Dr. Eugene Fram, professor emeritus in the Saunders College of Business at the Rochester Institute of Technology, said if the board and its CEO are bickering over boundaries, there are likely issues with trust in areas such as these:
- Each party may occasionally step on the other’s toes. Fram cites an example where he was chairman of a board. The CEO made a five-year lease contract for additional office space because the money for it was in the budget. There wasn’t a great deal of money involved, but it was a long-term contract. “I said this should have gone through the board, while the CEO argued that he had signed contracts for larger amounts of money,” Fram said. “My point was that this lease was for a long-term fixed asset, and the board agreed. So we formally set this as a boundary for the CEO.”
- Overaggressive directors can go too far. An example of this might be a director who bypasses the CEO and contacts the HR director and tells her to put a specific system in place to avoid liability. “In that case, the CEO has the responsibility to go to the board chair, and the chair can take care of that issue or take it to the full board so it can say ‘OK, you are the manager and we have to abide by your judgments,’” Fram said.
“There is some play back and forth between the CEO and the board over each other’s boundaries,” he said. It should take about a year or a year and a half to develop trust in these areas when a new executive director is hired, Fram said. The CEO should be sophisticated enough to know board thinking on issues.
This culture is the responsibility of the board to maintain. So when the board installs new trustees because of board turnover, the trust that has been established remains in place. For instance, if new members wish to direct social workers or feel they have a responsibility to evaluate staff, the board will say no, Fram said.
In this type of culture, the board also should accept the fact that the CEO will always have more information on operations than the board can have, Fram said. “The board should realize that any attempt to micromanage in this area is disrupting to the organization, because the CEO needs to be viewed as a professional manager,” he said.
This is not as much of a problem in the business arena as it is in the nonprofit sector, Fram said. “An attorney may join a nonprofit board and think ‘this CEO was originally a social worker, so we may have to teach him about the real world.’ In reality, the CEO may have acquired far more managerial experience than the attorney,” Fram said.
- There must be a fair but robust CEO evaluation process. Fram said this should be primarily related to compliance areas and the audit, but the executive should also be evaluated on hard-to-measure topics—such as staff performance, advocacy and impacts. “The audit committee has to ask questions and probe deeply,” he said. Whistleblower comments must be taken seriously and reviewed immediately, he said.
The CEO can’t just dismiss these by saying, “Oh, that’s just a dispute in the XYZ department,” Fram said. “The board should verify what the CEO is reporting,” Fram said, because it’s part of the board’s overview responsibility.
The CEO can’t be insecure about executive committee meetings where he is not present, either, Fram said. “She has to understand that these take place from time to time or are regularly scheduled,” he said.

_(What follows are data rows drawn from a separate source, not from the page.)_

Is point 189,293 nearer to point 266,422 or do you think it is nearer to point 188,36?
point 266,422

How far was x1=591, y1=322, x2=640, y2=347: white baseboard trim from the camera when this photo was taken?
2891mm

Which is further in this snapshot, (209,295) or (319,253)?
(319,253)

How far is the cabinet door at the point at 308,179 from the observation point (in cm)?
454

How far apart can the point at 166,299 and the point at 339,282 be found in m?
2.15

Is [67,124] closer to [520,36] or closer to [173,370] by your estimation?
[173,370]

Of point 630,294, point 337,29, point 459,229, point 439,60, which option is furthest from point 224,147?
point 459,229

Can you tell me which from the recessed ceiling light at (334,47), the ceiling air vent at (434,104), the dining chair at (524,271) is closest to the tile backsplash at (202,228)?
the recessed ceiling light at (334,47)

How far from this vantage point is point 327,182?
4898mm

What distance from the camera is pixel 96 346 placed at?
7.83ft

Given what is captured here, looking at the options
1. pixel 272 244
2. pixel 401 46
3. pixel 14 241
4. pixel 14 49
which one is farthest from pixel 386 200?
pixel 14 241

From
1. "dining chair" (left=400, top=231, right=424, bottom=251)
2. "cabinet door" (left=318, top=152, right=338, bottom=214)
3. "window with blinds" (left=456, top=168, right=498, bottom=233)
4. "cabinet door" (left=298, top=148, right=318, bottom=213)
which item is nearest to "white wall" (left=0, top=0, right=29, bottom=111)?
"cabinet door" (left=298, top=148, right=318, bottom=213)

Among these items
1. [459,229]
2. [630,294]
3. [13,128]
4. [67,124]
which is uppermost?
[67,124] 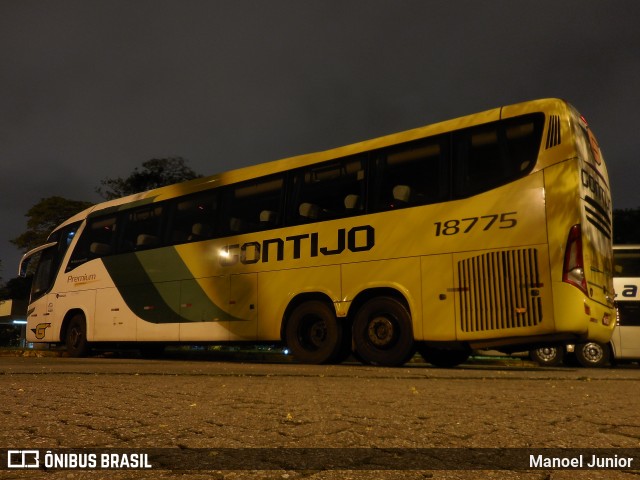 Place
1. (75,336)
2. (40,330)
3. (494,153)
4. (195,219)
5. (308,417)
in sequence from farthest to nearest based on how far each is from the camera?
(40,330) → (75,336) → (195,219) → (494,153) → (308,417)

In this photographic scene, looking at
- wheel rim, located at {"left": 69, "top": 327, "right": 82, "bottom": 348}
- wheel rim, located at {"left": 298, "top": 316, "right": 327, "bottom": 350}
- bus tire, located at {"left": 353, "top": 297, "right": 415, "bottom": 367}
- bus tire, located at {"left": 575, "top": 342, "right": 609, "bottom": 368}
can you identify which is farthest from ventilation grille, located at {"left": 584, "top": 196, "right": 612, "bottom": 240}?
wheel rim, located at {"left": 69, "top": 327, "right": 82, "bottom": 348}

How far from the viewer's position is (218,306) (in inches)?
448

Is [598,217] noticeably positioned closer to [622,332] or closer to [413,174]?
[413,174]

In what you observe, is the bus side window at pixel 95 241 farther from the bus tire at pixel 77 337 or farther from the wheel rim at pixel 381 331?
the wheel rim at pixel 381 331

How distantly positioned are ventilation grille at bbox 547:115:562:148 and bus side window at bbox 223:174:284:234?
4644 mm

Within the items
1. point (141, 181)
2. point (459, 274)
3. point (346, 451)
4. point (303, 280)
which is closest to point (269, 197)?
point (303, 280)

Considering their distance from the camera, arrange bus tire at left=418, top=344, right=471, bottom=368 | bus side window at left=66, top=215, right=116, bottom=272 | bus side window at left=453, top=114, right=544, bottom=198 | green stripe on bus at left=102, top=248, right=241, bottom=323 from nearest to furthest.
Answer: bus side window at left=453, top=114, right=544, bottom=198 → bus tire at left=418, top=344, right=471, bottom=368 → green stripe on bus at left=102, top=248, right=241, bottom=323 → bus side window at left=66, top=215, right=116, bottom=272

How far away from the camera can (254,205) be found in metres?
11.2

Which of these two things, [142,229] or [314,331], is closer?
[314,331]

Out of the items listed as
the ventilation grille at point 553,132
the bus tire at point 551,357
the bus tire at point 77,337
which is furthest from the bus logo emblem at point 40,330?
the ventilation grille at point 553,132

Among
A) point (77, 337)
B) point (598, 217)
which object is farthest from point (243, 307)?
point (598, 217)

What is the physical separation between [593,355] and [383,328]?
8217mm

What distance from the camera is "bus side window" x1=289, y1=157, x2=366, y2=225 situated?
975cm

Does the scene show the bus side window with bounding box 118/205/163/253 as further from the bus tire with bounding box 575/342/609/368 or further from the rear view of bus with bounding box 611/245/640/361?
the rear view of bus with bounding box 611/245/640/361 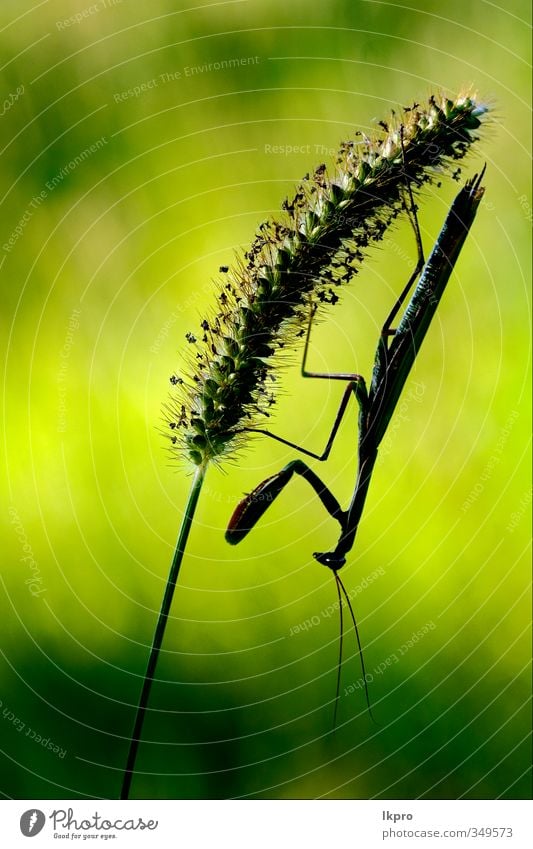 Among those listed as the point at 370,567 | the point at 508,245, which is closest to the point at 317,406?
the point at 370,567

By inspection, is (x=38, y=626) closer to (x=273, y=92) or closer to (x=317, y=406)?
(x=317, y=406) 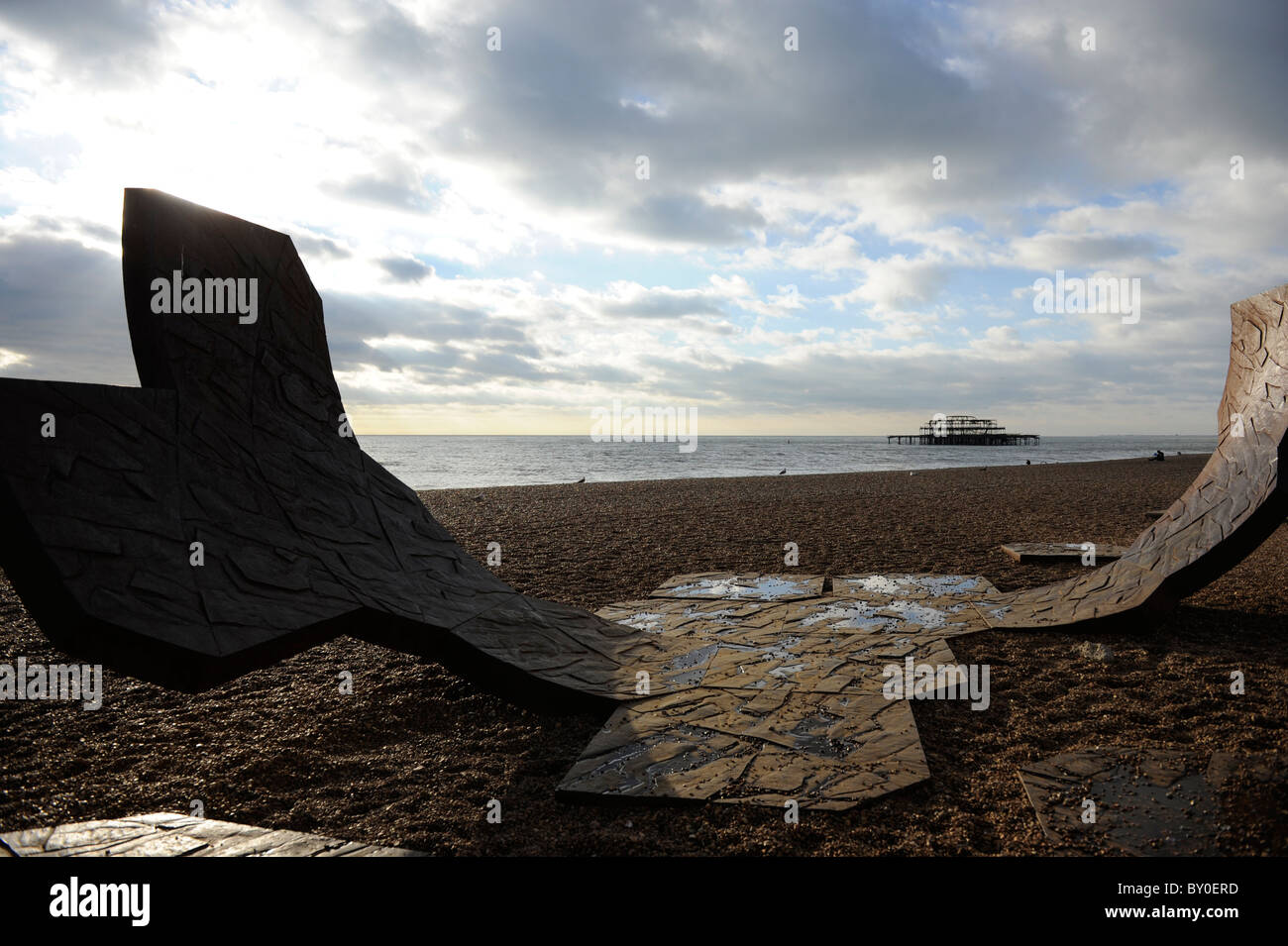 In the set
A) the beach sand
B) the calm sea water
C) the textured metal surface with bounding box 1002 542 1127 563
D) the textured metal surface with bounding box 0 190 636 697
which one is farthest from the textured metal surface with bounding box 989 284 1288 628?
the calm sea water

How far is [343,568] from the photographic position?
4199 mm

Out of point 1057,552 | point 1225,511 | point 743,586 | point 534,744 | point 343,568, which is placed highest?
point 1225,511

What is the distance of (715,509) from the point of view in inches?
608

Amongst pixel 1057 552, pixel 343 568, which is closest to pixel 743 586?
pixel 1057 552

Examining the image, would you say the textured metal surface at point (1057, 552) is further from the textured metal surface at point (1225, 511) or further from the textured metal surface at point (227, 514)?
the textured metal surface at point (227, 514)

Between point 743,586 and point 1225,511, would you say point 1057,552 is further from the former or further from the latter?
point 743,586

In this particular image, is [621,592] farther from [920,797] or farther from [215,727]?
[920,797]

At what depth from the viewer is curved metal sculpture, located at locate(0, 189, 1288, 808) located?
2.99 m

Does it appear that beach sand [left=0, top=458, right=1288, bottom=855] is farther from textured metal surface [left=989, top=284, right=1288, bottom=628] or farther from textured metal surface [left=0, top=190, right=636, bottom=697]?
textured metal surface [left=0, top=190, right=636, bottom=697]

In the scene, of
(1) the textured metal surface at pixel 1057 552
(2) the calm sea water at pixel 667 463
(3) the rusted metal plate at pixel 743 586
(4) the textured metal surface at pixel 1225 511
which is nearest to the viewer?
(4) the textured metal surface at pixel 1225 511

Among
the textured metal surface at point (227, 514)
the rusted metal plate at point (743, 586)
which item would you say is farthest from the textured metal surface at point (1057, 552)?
the textured metal surface at point (227, 514)

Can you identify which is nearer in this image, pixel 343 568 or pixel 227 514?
pixel 227 514

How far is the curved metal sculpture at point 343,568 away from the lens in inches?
118
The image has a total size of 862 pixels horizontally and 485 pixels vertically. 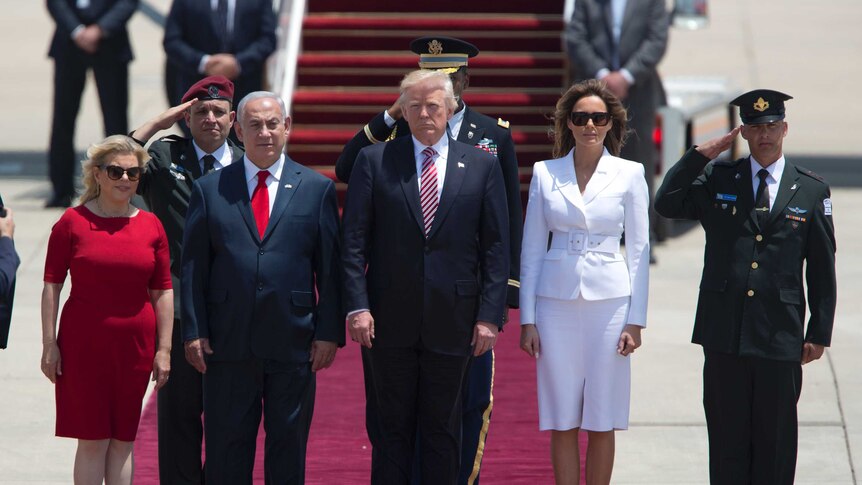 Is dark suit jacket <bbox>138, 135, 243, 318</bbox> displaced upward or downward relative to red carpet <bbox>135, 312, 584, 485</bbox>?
upward

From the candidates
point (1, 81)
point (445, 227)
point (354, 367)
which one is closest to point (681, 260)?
point (354, 367)

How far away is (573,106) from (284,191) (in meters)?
1.18

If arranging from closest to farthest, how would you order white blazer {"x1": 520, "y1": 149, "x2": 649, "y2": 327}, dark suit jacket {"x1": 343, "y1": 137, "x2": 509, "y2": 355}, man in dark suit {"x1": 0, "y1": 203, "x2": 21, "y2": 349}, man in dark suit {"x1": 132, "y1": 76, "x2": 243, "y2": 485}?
man in dark suit {"x1": 0, "y1": 203, "x2": 21, "y2": 349}, dark suit jacket {"x1": 343, "y1": 137, "x2": 509, "y2": 355}, white blazer {"x1": 520, "y1": 149, "x2": 649, "y2": 327}, man in dark suit {"x1": 132, "y1": 76, "x2": 243, "y2": 485}

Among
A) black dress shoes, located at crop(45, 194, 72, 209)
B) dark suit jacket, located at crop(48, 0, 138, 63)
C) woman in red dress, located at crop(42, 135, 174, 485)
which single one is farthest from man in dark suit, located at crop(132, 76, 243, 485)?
black dress shoes, located at crop(45, 194, 72, 209)

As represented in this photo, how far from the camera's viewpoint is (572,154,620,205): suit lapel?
573cm

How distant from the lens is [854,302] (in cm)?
1005

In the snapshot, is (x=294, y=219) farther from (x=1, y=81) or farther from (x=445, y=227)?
(x=1, y=81)

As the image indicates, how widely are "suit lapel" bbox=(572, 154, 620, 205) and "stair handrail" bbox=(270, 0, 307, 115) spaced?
21.9ft

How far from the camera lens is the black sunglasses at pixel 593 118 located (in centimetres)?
572

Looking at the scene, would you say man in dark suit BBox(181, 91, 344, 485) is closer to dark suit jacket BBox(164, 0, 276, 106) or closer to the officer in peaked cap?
the officer in peaked cap

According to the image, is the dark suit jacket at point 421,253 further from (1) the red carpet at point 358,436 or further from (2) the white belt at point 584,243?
(1) the red carpet at point 358,436

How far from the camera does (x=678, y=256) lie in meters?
11.4

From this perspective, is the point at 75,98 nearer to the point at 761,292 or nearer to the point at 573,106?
the point at 573,106

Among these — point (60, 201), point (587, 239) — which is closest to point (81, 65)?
point (60, 201) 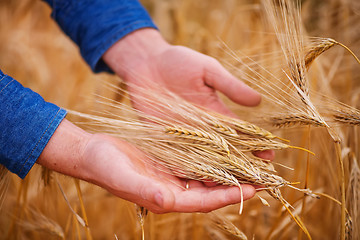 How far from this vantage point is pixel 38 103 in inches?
36.9

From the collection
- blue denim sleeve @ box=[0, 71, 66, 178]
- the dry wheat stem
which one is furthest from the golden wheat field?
blue denim sleeve @ box=[0, 71, 66, 178]

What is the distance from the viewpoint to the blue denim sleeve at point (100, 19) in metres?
1.42

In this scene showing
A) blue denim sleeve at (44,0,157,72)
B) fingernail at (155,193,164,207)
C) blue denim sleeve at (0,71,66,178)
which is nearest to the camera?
fingernail at (155,193,164,207)

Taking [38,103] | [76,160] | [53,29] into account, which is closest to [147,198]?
[76,160]

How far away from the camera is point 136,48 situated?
56.7 inches

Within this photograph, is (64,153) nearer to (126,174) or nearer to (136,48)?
(126,174)

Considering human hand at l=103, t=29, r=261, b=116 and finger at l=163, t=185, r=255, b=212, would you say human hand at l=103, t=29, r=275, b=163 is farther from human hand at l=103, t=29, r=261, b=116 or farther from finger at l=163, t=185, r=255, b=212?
finger at l=163, t=185, r=255, b=212

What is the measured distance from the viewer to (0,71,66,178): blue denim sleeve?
0.90m

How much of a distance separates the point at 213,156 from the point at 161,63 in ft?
2.08

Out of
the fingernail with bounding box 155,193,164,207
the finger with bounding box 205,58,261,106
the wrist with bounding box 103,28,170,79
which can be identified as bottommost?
the fingernail with bounding box 155,193,164,207

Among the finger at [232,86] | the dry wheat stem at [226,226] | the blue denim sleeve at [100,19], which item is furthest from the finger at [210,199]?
the blue denim sleeve at [100,19]

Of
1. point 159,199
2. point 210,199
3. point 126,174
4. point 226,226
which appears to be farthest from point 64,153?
point 226,226

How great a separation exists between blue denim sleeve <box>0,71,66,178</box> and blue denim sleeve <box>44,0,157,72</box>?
23.4 inches

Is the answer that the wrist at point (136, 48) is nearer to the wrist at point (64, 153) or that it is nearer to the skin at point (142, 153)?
the skin at point (142, 153) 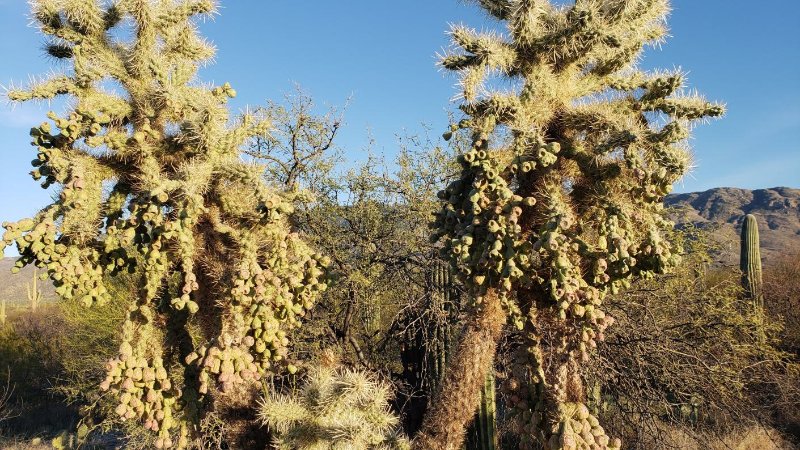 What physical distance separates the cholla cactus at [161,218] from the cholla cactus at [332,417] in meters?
0.49

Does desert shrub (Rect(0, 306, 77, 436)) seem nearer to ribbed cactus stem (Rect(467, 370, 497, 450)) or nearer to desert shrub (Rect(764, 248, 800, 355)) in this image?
ribbed cactus stem (Rect(467, 370, 497, 450))

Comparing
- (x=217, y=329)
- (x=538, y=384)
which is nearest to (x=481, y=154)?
(x=538, y=384)

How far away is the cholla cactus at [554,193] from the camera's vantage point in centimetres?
319

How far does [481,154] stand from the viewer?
3305 mm

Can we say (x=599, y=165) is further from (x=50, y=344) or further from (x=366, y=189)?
(x=50, y=344)

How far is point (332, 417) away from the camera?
4211 mm

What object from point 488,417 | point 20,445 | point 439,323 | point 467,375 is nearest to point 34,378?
point 20,445

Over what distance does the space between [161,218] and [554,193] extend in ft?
7.42

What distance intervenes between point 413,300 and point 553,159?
6885mm

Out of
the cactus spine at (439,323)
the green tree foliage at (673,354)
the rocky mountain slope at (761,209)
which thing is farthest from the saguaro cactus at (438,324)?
the rocky mountain slope at (761,209)

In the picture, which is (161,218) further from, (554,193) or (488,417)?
(488,417)

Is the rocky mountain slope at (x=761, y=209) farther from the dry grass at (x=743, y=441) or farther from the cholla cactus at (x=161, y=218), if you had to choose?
the cholla cactus at (x=161, y=218)

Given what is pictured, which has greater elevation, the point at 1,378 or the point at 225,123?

Ten years ago, the only time the board met without the management was to meet with the external auditor. “This is the 21st century,” Fram said. There have been huge board scandals in the business and nonprofit sectors. Executive sessions should occur on an ongoing basis as part of the board meeting, he said.
The CEO should be a member of all board committees, with the exception of compensation, when her salary is being considered and when any conflicts of interest involving her might arise, Fram said.
The CEO and chair should work well together to create this type of culture between the executive and the board, Fram said. “They need to be on the same page,” he said.
- The board should provide growth opportunities for the CEO. Fram worked recently with one board member who pointed out that while their CEO was a great person and works well with the board, he needed to be more aggressive or entrepreneurial, he said.
“I asked if the board had ever thought of engaging a coach to work with him for a year or two,” Fram said. That’s the type of idea the board can use to support its CEO, he said.
Other options include providing educational opportunities or supporting the CEO’s outside work in his mission’s arena, so that he has opportunities to grow, Fram said.